Plastic Cutting Boards
My favorite plastic cutting board is also my favorite one overall – the OXO Good Grips Cutting Board. I have it in 2 different sizes, 10.39-in x 14.78-in, which is my everyday board that I reach for all the time and also a larger size, 14.34-in x 21.11.
- Good cutting surface. The type of plastic used for this one is a non-porous surfaces that resist odors and won’t dull knife blades. It doesn’t stain very easily either, as you can see from the photos and videos and I’ve owned this particular one for years.
- Doesn’t warp and doesn’t get really deep cuts from the knife like some other plastic ones I’ve used. I also really like the rubber edges, which keep it from sliding around on the counters.
- Low maintenance. You don’t need to season the board, it won’t dry and crack.
- Inexpensive. This is a very budget friendly option.
- Dishwasher safe. One of my favorite things about it is that you can throw it into the dishwasher. This is why I use it for poultry, seafood, red meat, onions and much more.
Glass/Marble Cutting Boards
How To Wash Cutting Boards and Keep Them From Staining
A dishwasher is the best and easiest way to disinfect your boards, but only plastic cutting boards can go in the dishwasher. I also bought this one at Home Goods for about $15. Are you sensing a theme? I love finding good deals.
- Rinse out your plastic boards and just pop them into the dishwasher.
- Wash your wooden and bamboo boards using really hot water and soap. (The water should be as hot as you can stand it.)

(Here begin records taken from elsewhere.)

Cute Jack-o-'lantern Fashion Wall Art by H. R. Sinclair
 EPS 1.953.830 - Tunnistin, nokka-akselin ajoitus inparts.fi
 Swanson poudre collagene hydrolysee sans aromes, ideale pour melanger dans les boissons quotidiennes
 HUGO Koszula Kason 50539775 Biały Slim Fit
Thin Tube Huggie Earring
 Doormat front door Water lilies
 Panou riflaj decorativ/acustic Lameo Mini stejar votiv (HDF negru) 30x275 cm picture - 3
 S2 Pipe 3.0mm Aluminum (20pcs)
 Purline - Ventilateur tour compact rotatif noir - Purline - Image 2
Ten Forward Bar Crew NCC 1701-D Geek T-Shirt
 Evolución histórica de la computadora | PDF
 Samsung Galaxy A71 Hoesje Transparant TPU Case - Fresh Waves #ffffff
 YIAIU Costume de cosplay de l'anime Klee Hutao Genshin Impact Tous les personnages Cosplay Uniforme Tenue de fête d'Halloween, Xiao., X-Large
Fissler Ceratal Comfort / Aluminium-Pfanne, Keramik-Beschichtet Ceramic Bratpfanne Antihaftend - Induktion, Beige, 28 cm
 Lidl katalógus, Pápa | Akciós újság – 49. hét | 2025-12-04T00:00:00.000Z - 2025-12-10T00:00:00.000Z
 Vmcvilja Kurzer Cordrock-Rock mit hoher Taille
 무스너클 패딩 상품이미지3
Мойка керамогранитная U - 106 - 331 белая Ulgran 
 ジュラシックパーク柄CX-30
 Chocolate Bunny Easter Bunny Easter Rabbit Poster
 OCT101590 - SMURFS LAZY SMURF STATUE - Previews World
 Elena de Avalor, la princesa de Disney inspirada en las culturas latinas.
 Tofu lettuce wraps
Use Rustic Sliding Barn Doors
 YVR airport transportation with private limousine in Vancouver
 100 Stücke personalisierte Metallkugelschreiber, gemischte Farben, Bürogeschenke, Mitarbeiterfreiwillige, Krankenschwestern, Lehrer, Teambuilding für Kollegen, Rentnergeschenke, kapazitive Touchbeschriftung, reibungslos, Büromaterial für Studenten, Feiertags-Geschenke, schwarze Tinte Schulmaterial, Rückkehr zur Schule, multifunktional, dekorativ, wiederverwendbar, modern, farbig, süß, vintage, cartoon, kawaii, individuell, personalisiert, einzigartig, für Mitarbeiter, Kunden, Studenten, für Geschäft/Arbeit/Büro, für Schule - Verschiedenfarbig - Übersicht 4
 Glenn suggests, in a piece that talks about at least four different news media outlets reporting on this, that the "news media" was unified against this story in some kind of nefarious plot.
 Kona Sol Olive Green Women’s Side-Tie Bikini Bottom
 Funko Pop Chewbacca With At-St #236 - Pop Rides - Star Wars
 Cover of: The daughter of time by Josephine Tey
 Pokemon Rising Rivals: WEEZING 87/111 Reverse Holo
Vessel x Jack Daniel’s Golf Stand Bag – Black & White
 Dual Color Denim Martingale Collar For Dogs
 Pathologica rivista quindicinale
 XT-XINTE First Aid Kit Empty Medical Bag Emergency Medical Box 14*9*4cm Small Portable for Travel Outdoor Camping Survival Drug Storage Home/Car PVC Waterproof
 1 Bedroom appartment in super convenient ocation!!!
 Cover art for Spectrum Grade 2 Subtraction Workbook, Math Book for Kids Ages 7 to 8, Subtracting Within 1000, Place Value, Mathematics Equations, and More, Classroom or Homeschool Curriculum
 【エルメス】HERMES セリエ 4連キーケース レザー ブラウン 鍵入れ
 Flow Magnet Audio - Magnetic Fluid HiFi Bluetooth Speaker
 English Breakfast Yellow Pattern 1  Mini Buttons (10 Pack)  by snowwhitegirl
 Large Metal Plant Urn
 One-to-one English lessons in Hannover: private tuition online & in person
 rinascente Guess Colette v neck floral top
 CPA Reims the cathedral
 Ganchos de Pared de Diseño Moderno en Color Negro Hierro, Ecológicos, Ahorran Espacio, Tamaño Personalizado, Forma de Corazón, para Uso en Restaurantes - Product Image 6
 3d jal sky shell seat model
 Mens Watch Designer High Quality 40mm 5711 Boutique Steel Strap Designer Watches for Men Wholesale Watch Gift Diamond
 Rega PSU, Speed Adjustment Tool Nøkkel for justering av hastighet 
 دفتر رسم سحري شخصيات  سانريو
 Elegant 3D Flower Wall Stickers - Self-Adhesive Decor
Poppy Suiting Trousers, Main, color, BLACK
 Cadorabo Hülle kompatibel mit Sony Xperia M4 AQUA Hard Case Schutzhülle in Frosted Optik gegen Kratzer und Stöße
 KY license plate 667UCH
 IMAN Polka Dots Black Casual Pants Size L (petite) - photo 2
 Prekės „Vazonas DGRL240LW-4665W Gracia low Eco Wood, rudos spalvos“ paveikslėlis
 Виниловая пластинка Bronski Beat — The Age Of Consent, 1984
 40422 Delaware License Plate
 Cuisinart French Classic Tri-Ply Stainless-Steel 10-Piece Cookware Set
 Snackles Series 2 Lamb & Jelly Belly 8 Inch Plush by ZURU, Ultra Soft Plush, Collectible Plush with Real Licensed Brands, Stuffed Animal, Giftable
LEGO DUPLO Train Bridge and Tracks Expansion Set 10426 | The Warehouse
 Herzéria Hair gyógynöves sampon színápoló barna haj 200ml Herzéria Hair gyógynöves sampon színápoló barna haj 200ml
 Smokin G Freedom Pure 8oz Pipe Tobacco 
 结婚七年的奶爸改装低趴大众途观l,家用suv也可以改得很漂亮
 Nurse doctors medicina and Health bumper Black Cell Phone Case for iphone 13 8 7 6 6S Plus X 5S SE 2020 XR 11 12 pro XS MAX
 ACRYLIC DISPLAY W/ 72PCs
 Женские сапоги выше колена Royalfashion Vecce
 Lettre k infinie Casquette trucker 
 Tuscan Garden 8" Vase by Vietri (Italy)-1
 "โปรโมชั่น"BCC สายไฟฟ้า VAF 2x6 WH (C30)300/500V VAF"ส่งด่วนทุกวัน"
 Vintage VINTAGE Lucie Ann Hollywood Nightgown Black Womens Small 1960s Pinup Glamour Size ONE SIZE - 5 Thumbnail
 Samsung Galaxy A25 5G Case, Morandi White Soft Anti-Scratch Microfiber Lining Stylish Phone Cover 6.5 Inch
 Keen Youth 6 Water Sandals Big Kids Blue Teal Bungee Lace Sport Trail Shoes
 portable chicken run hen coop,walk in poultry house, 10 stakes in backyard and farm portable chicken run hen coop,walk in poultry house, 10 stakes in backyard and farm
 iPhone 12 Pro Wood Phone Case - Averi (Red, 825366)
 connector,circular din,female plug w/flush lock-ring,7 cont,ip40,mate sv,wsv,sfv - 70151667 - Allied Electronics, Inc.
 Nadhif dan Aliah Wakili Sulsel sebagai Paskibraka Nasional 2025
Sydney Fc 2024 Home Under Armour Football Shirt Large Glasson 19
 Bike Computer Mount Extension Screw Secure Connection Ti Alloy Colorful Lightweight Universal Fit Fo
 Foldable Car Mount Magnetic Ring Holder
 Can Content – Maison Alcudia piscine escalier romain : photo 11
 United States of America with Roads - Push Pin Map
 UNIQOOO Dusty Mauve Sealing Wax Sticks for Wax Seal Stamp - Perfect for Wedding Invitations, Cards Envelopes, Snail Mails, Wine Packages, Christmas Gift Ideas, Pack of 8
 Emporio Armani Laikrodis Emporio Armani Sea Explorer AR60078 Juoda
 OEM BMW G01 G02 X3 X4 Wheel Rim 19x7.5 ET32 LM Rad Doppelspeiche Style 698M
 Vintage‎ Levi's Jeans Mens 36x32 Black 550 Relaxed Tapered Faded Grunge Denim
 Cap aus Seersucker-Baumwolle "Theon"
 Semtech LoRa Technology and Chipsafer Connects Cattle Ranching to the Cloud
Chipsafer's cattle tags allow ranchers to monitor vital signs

- To prevent stains, rinse off your boards as soon as you can after cutting something that can stain, like herbs, carrots, beets, etc. This helps the most to get those colors from staining your boards.
- If you didn’t rinse your boards right away or have some stubborn stains, sprinkle some coarse salt on the stain and use a half of a lemon to scrub it. That usually helps to scrape up the surface and get the stain out. The best way is prevention though, so rinsing it works the best.
- To keep your cutting board from sliding around on the countertop, place a damp paper towel or thin kitchen towel under it and it won’t budge! Super important to have a stable surface when chopping.
- Have a designated cutting board JUST for fruit. I wrote FRUIT on one of my boards so no one else will use it for other things. All wooden, bamboo and plastic boards absorb odors and they will transfer to your food. No one wants strawberries to taste like onions, so it’s so nice to have a cutting board that doesn’t have any lingering flavors in it.
- Don’t worry too much about keeping your boards in the most pristine shape. Cuts, nicks, stains are part of the deal because this is a tool used for cutting. The only way to keep it perfect is not to use it:).
This post is not sponsored, it’s based on my own opinion. I am not affiliated with any brands and bought all these cutting boards myself. Some of the links may be affiliate links, at no additional cost to you.
Knife and Carry
Great article. A cutting board is one of the most important tools in any kitchen. It is the surface where you will prepare your food, so it is important to choose one that is durable, easy to clean, and provides a stable surface for cutting. Do you also have a list for the best kitchen knives?
What kind of oil do you use to season the cutting board?
I use an oil that is specifically made for cutting boards, by the brand John Boos Butcher Block Oil. You can use coconut oil or mineral oil. You want the oil to be mild and absorbs well into the wood.